Alternative measures continued as extrajudicial sanctions

(5) Any program of alternative measures authorized for the purposes of the Young Offenders Act, chapter Y-1 of the Revised Statutes of Canada, 1985, is deemed, as of the coming into force of this section, to be a program of extrajudicial sanctions authorized for the purposes of this Act.

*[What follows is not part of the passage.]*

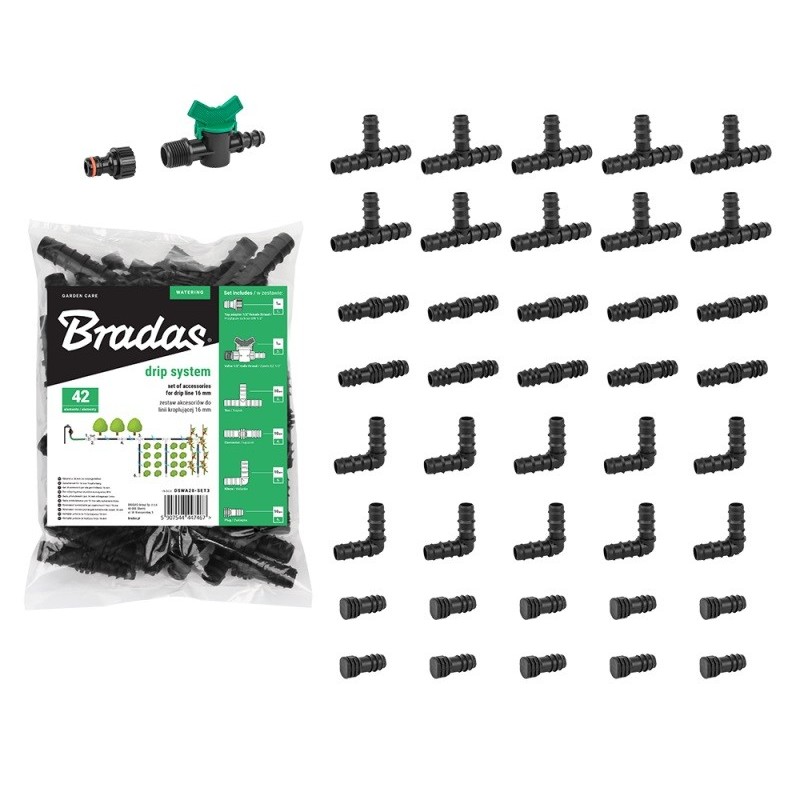 Zestaw akcesoriów do linii kroplującej 16mm - 42 szt.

Designation of places of temporary detention and youth custody

(6) Subject to subsection (7), any place that was designated as a place of temporary detention or open custody for the purposes of the Young Offenders Act, chapter Y-1 of the Revised Statutes of Canada, 1985, and any place or facility designated as a place of secure custody for the purposes of that Act is deemed, as of the coming into force of this section, to have been designated for the purposes of this Act as

(a) in the case of a place of temporary detention, a place of temporary detention; and

(b) in the case of a place of open custody or secure custody, a youth custody facility.

Exception

(7) If the lieutenant governor in council of a province makes an order under section 88 that the power to make determinations of the level of custody for young persons and to review those determinations be exercised in accordance with the Young Offenders Act, chapter Y-1 of the Revised Statutes of Canada, 1985, the designation of any place as a place of open custody or secure custody for the purposes of that Act remains in force for the puroses of section 88, subject to revocation or amendment of the designation.

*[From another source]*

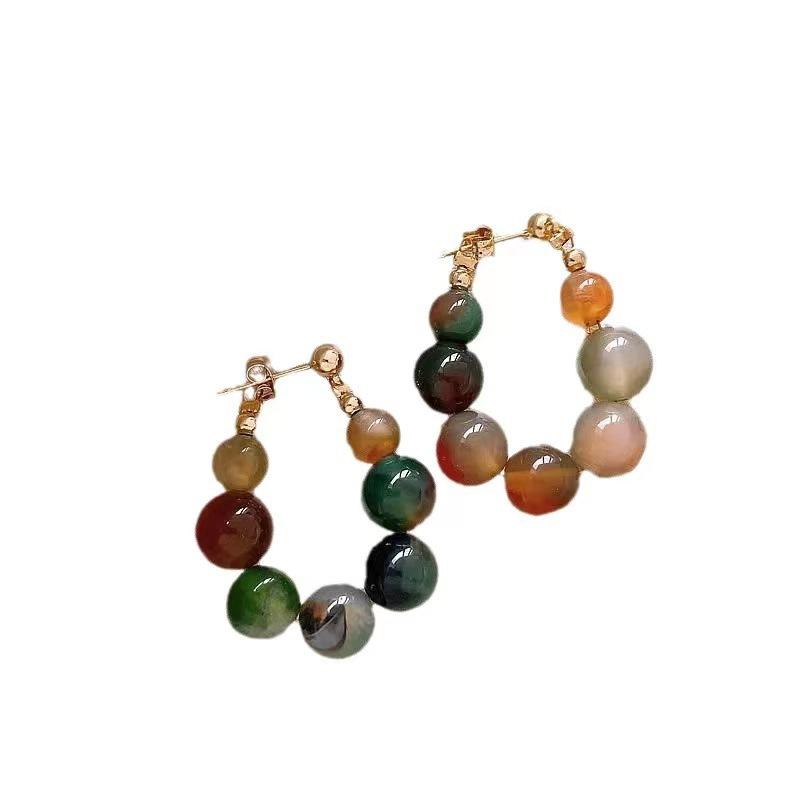Vintage Colorful Natural Stone Beaded Earrings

Designation of other persons

(8) Any person designated as a clerk of the youth court for the purposes of the Young Offenders Act, chapter Y-1 of the Revised Statutes of Canada, 1985, or any person or group of persons who were designated under that Act to carry out specified functions and duties are deemed, as of the coming into force of this section, to have been designated as a clerk of the youth justice court, or to carry out the same functions and duties, as the case may be, under this Act.

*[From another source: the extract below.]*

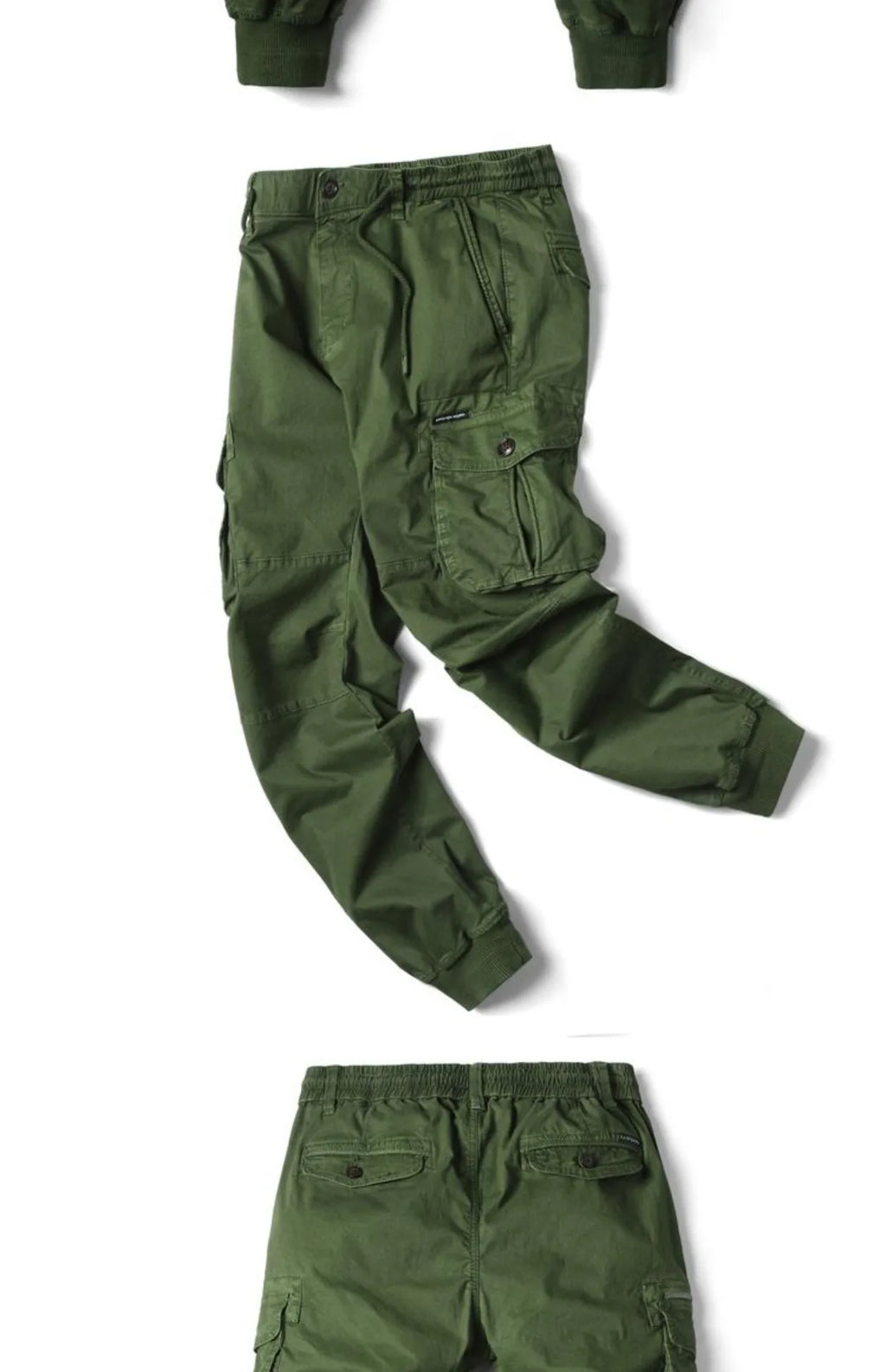 Spring Summer Men's Casual Fashion Work Pants Cuffed Multiple Pockets Slim Fit Youth Leisure Trousers Trendy Brand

Part 9. Consequential Amendments, Repeal And Coming Into Force

Consequential Amendments

166. to 198. (Amendments)


Repeal

199. (Repeal)


Coming into Force

Coming into force

Schedule

(Subsections 120(1), (4) and (6))

1. An offence under any of the following provisions of the Criminal Code:

(a) paragraph 81(2)(a) (using explosives);

(b) subsection 85(1) (using firearm in commission of offence);

(c) section 151 (sexual interference);

(d) section 152 (invitation to sexual touching);

(e) section 153 (sexual exploitation);

(f) section 155 (incest);

(g) section 159 (anal intercourse);

(h) section 170 (parent or guardian procuring sexual activity by child);

(i) subsection 212(2) (living off the avails of prostitution by a child);

(j) subsection 212(4) (obtaining sexual services of a child);

(k) section 231 or 235 (first degree murder or second degree murder within the meaning of section 231);

(l) section 232, 234 or 236 (manslaughter);

(m) section 239 (attempt to commit murder);

(n) section 267 (assault with a weapon or causing bodily harm);

(o) section 268 (aggravated assault);

(p) section 269 (unlawfully causing bodily harm);

(q) section 271 (sexual assault);

(r) section 272 (sexual assault with a weapon, threats to a third party or causing bodily harm);

(s) section 273 (aggravated sexual assault);

(t) section 279 (kidnapping);

(u) section 344 (robbery);

(v) section 433 (arson — disregard for human life);

(w) section 434.1 (arson — own property);

(x) section 436 (arson by negligence); and

(y) paragraph 465(1)(a) (conspiracy to commit murder).

2. An offence under any of the following provisions of the Criminal Code, as they read immediately before July 1, 1990:

(a) section 433 (arson);

(b) section 434 (setting fire to other substance); and

(c) section 436 (setting fire by negligence).

3. An offence under any of the following provisions of the Criminal Code, chapter C-34 of the Revised Statutes of Canada, 1970, as they read immediately before January 4, 1983:

(a) section 144 (rape);

(b) section 145 (attempt to commit rape);

(c) section 149 (indecent assault on female);

(d) section 156 (indecent assault on male); and

(e) section 246 (assault with intent).

4. An offence under any of the following provisions of the Controlled Drugs and Substances Act:

(a) section 5 (trafficking);

(b) section 6 (importing and exporting); and

(c) section 7 (production of substance).